First the technical objections raised under grounds 5 and 3.

It is correct as pointed out by learned Counsel Mr. Gakuhi that the court has the power to alter the charge by amending or substituting a new charge if from the nature of the evidence tendered and before closure of the prosecution case, it is found defective in form or in substance. That is the wording of S.214 of the Criminal Procedure Code. It is only done if the court thinks it is necessary to meet the circumstances of the case. There are provisos to that section that the Accused person shall be called upon to plead to the altered charge and may at his discretion demand the recall of witnesses for cross-examination. That was not done in this case. The submission made is that all proceedings thereafter between 2.7.98 and 25.2.99 when 5 more witnesses testified and judgment was delivered were a nullity and the consequential order would be a retrial.

The alteration made in this case was the substitution of a figure with another, between them a difference of Shs.1,950/-. It was made on application by the prosecution in open court and in the presence of the Appellant. No objection was raised then or at any stage thereafter. The omission to require him to plead afresh to the amendment must therefore be weighed against the provisions of S.382 of the Criminal Procedure Code which saves such irregularities if they do not occasion a failure of justice. I am of the view that it did not since the Appellant had all along denied involvement in the crime whatever figures were thrown at him.  That ground of Appeal fails.

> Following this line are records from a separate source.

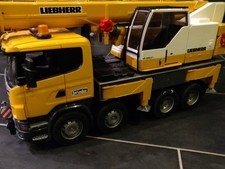BRUDER - Scania Super 560R Liebherr Kran-LKW mit Light + Sound Modul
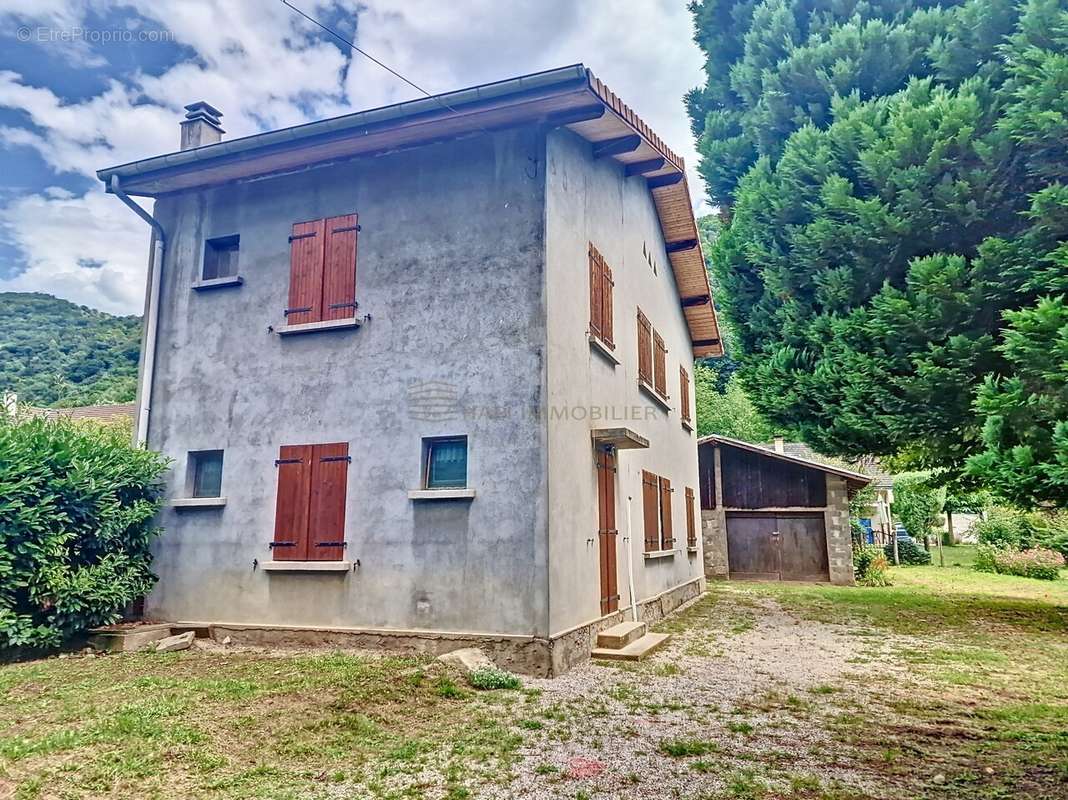 Maison à LE VERSOUD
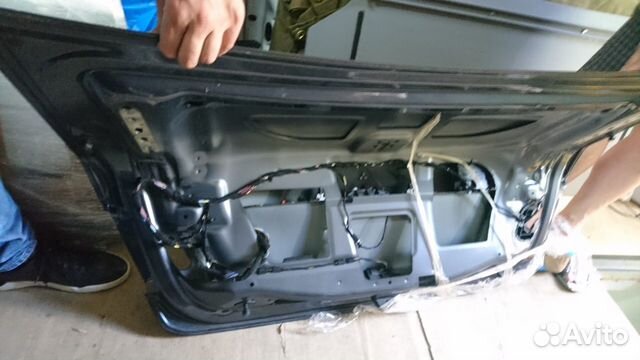 Крышка багажника Mercedes W212 E Крышка багажника Mercedes W212 E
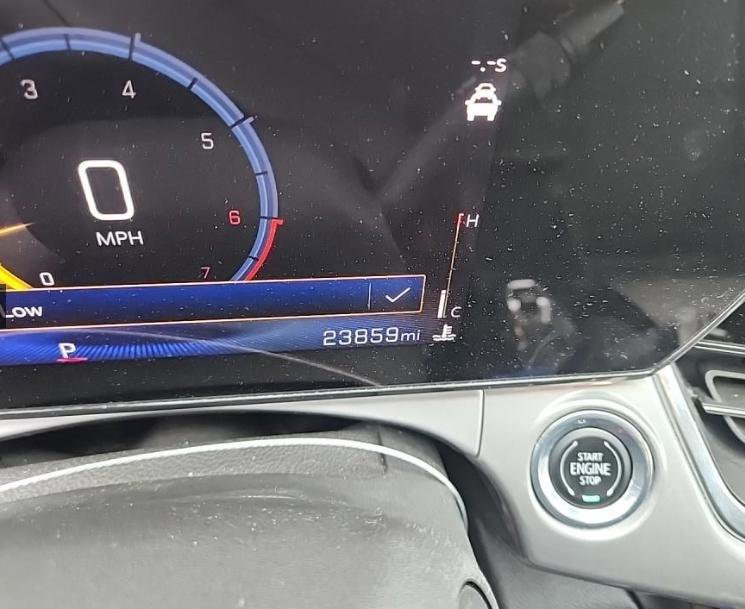 2024 Chevrolet Trax LT photo 4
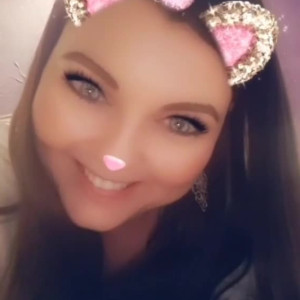 Video by cherrybmodeluk published on April 29,2023 01:14:00 - BestThots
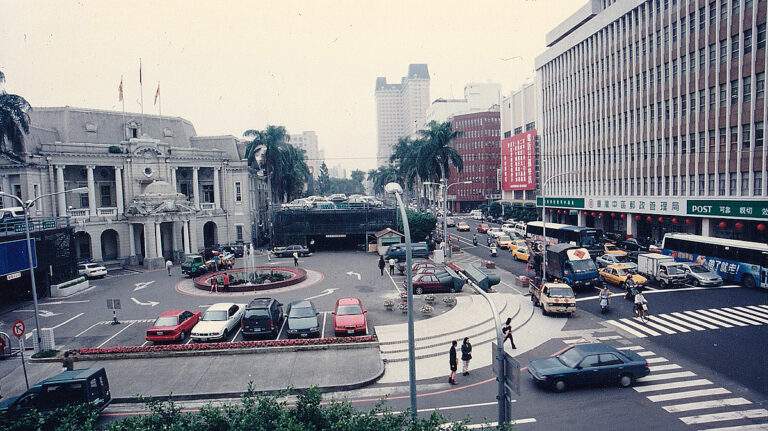 1990年代台中州廳前噴水池廣場，當年搭配景觀造型，是不少老台中人的城市記憶。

Ground 3 also covers variance between the charge and the evidence. It relates to the period stated in the Charge Sheet and the period covered in the Audit report. The specific complaint is that the period covered was up to 3.9.97 whereas the Appellant had stopped working in April 1997. But there is no evidence that the Appellant stopped working in April 1997. The prosecution evidence through PW 4 is that he was ordered to stop working on 15.9.97 to await a decision of a General Meeting of the Sacco members. He himself stated in evidence that he was stopped from working on 11.9.97.

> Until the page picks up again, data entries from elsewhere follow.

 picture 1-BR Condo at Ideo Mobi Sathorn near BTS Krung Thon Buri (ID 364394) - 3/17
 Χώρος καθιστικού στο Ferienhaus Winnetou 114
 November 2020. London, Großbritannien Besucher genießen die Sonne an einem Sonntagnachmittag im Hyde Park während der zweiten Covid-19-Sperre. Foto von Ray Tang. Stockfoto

The period covered by the Audit report did therefore cover the period within which the Appellant was engaged in his duties as the Sacco Clerk.  There is no merit in the complaint.

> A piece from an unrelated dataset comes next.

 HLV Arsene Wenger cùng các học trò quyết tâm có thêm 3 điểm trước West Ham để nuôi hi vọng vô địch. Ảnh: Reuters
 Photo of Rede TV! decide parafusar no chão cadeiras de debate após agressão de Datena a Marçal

As for the other grounds which were argued as one, I agree with Mrs. Mwangi that the evidence of the Sacco officials who testified was considered. That the officials' evidence or actual figures varied did not detract from their evidence which was consistent, that the Sacco offices were locked up due to non-payment of rent and a casual check on the available books and other accountable documents showed a possible misappropriation of the Sacco funds. They all pointed at the Appellant as the person responsible for collection, recording and banking of the funds. They further confirmed a general meeting having been held to resolve the crisis and a resolution being made for the appointment of an Auditor. The Auditor's was expert evidence and I do not fault the learned trial Magistrate for accepting his opinion. The Auditor may only be faulted for including in the amounts misappropriated, the figure of Shs.241, 190/- which he termed as unauthorised payments. There was no evidence of unauthorised payments from the Treasurer. PW 2, who according to the Chairman PW 3 had that authority. I see no merit in those grounds of Appeal also.

The upshot is that the Appeal is dismissed in its entirety.

Dated at Mombasa this 26th day of November 1999.